§ Task directions
Once the pictures are set aside, reproduce all of the records exactly.

§ Provided information
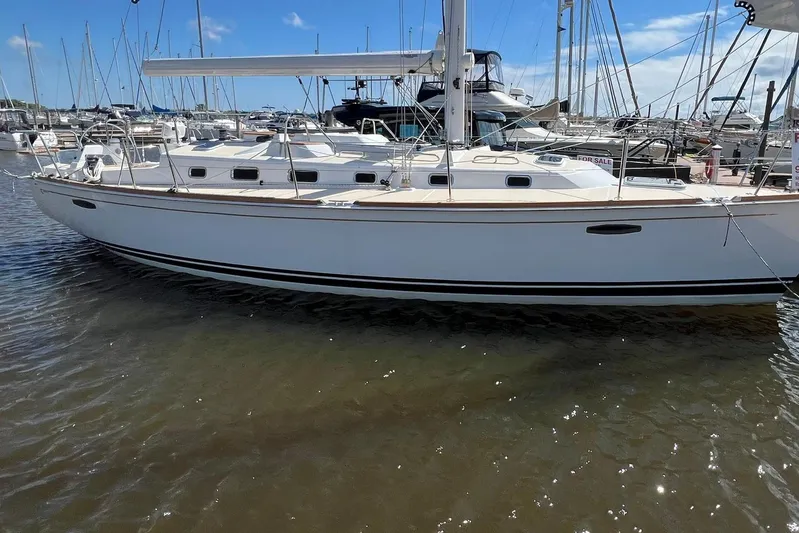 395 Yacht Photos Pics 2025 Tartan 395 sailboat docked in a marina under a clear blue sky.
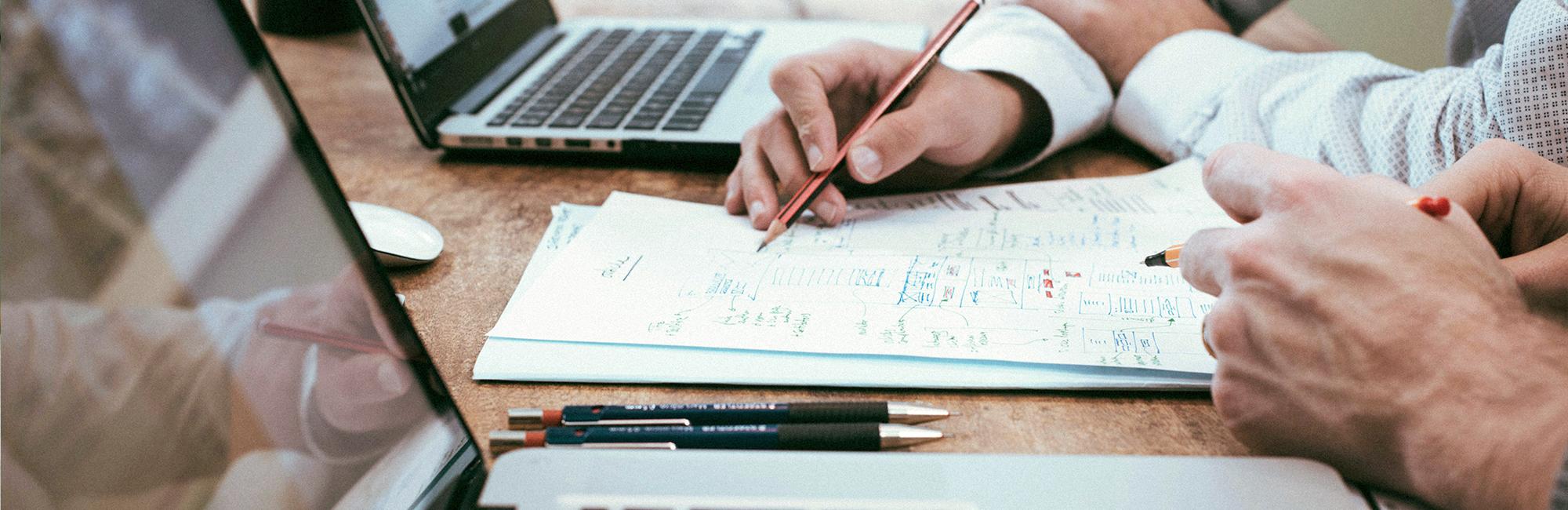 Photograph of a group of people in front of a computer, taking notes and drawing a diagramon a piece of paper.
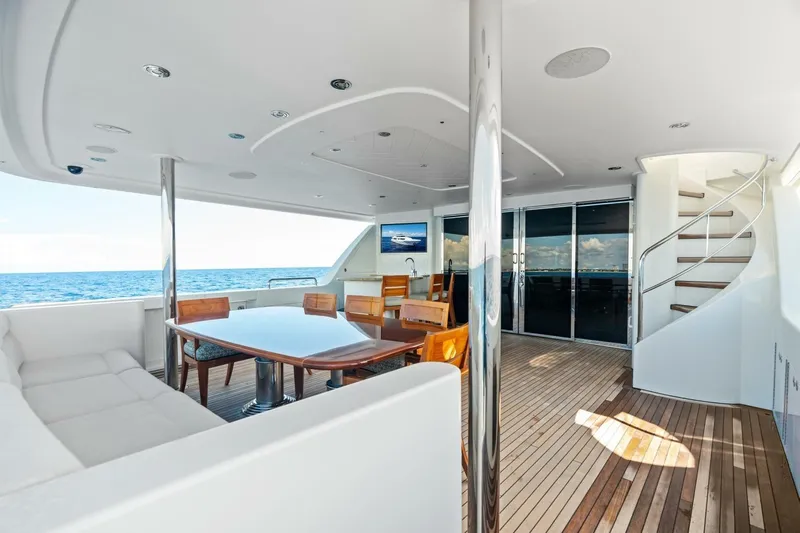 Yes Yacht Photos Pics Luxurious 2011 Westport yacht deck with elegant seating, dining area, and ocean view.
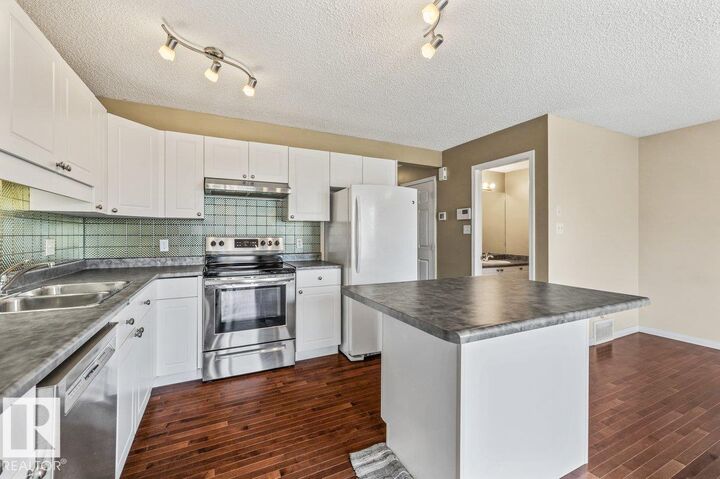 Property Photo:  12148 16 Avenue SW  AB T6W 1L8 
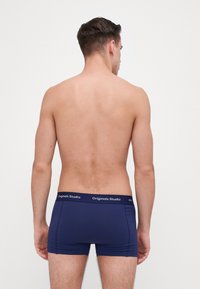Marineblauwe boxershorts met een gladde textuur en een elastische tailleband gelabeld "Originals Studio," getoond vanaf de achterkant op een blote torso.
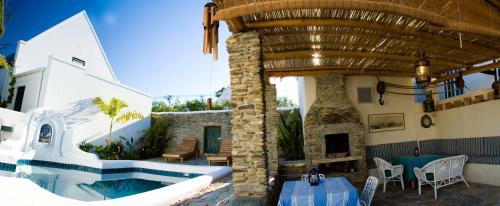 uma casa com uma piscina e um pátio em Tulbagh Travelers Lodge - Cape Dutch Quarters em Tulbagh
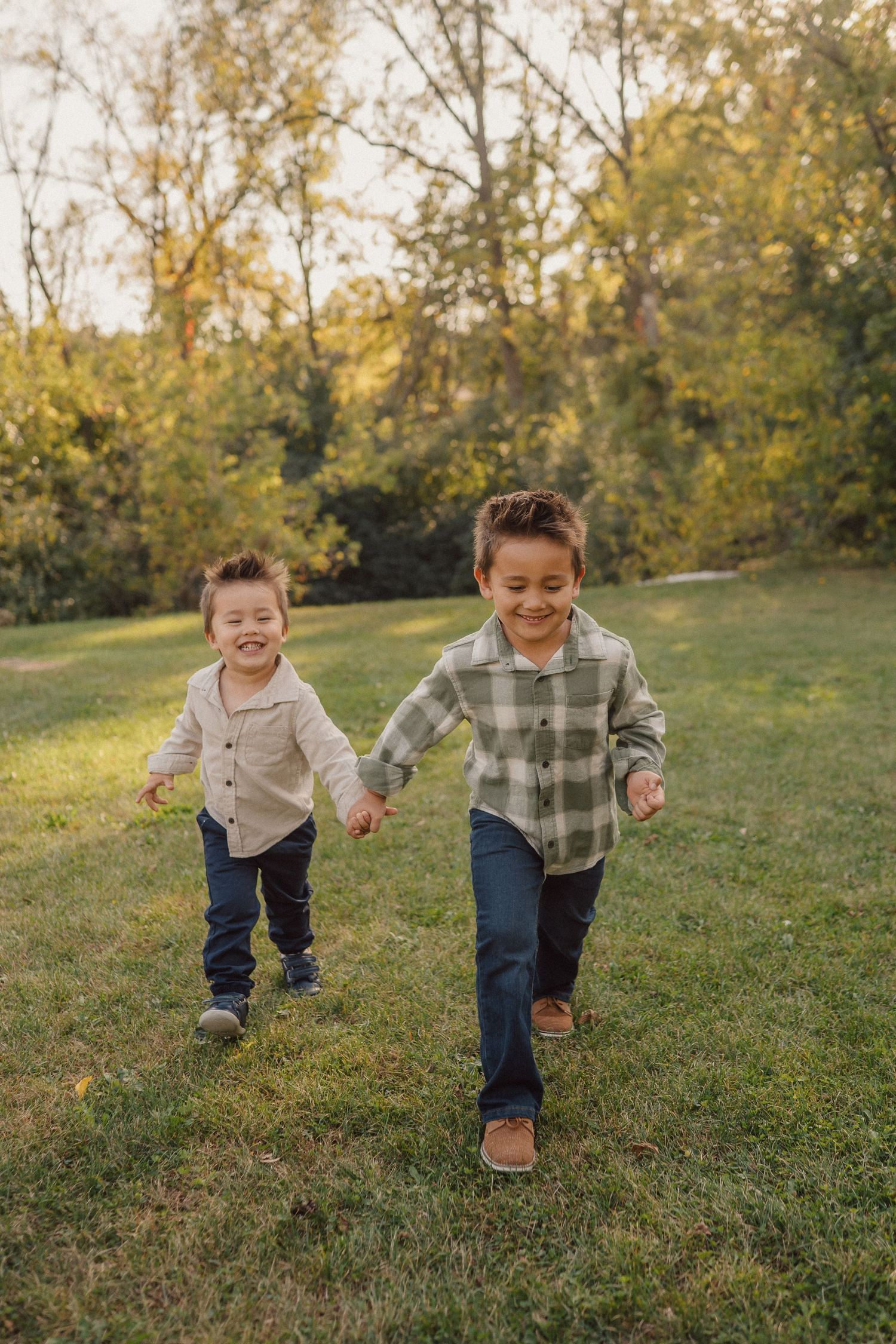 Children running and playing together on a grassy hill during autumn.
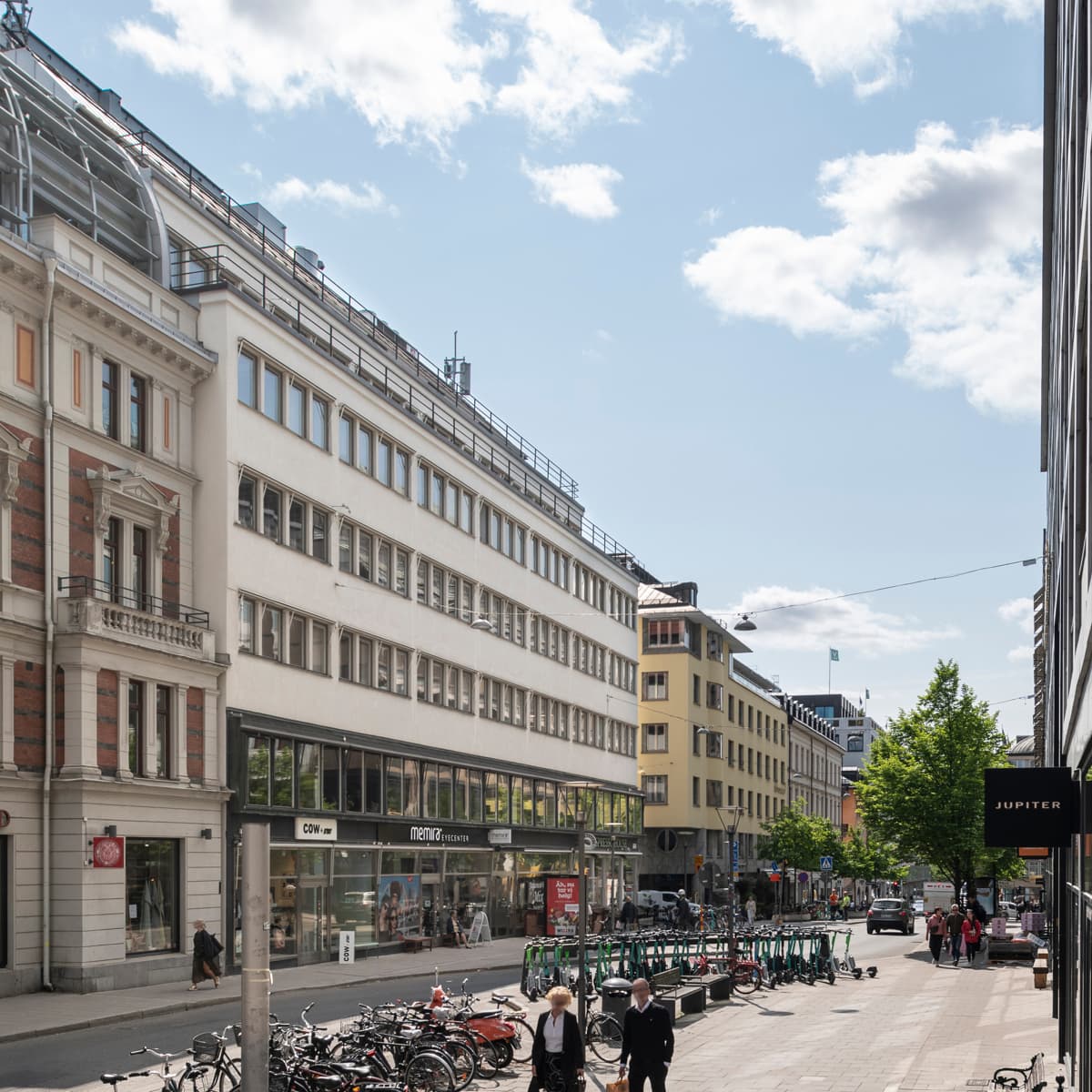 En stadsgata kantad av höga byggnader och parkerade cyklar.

§ Reply
 395 Yacht Photos Pics 2025 Tartan 395 sailboat docked in a marina under a clear blue sky.
 Photograph of a group of people in front of a computer, taking notes and drawing a diagramon a piece of paper.
 Yes Yacht Photos Pics Luxurious 2011 Westport yacht deck with elegant seating, dining area, and ocean view.
 Property Photo:  12148 16 Avenue SW  AB T6W 1L8 
Marineblauwe boxershorts met een gladde textuur en een elastische tailleband gelabeld "Originals Studio," getoond vanaf de achterkant op een blote torso.
 uma casa com uma piscina e um pátio em Tulbagh Travelers Lodge - Cape Dutch Quarters em Tulbagh
 Children running and playing together on a grassy hill during autumn.
 En stadsgata kantad av höga byggnader och parkerade cyklar.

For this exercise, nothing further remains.